■ Records for this exercise:

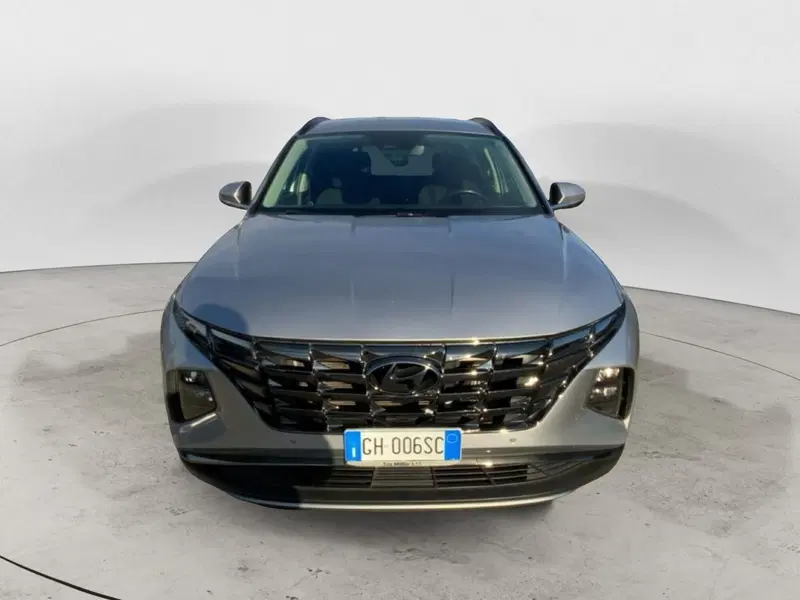 Hyundai Tucson usata a Perugia (2)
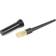 Shires Plastic hoefkam voor paarden Ezi-Groom Orange
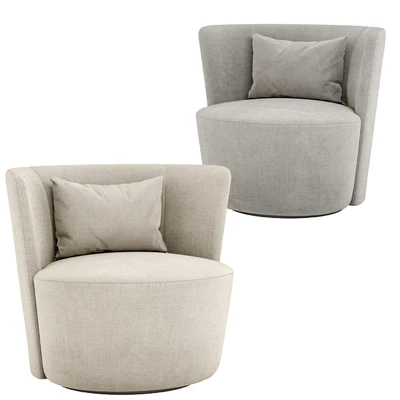 Emily armchair by Verzelloni — Ver 4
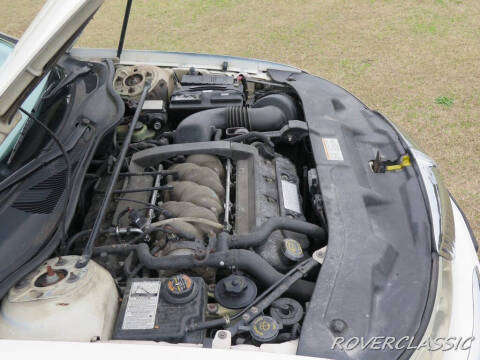 1999 Lincoln Continental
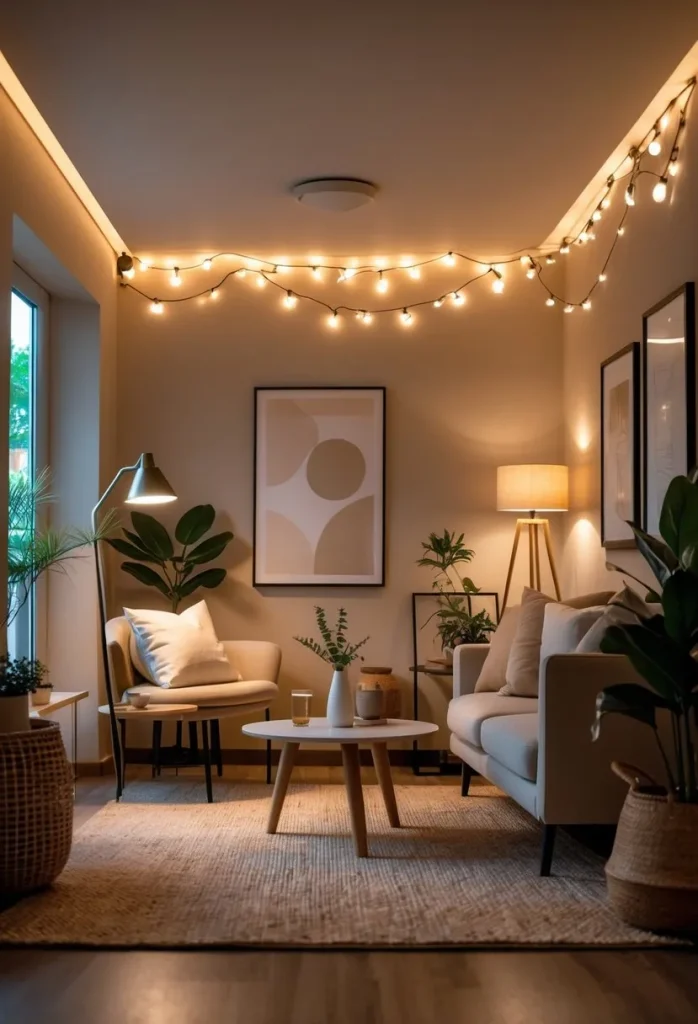 Lighting for Ambiance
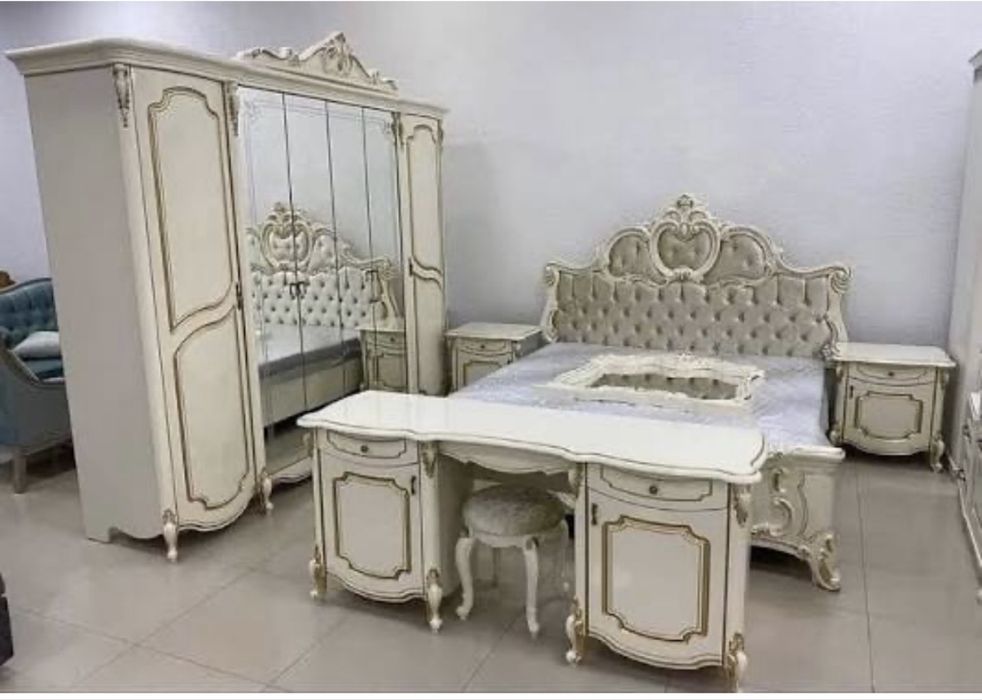 Продается спальный гарнитур  (производство Беларусь)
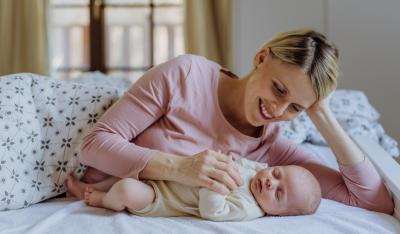 Produkty, które przydadzą się świeżo upieczonej mamie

■ Exercise description:
Please return the listing above exactly and leave every picture out.

■ Exercise answer:
 Hyundai Tucson usata a Perugia (2)
 Shires Plastic hoefkam voor paarden Ezi-Groom Orange
 Emily armchair by Verzelloni — Ver 4
 1999 Lincoln Continental
 Lighting for Ambiance
 Продается спальный гарнитур  (производство Беларусь)
 Produkty, które przydadzą się świeżo upieczonej mamie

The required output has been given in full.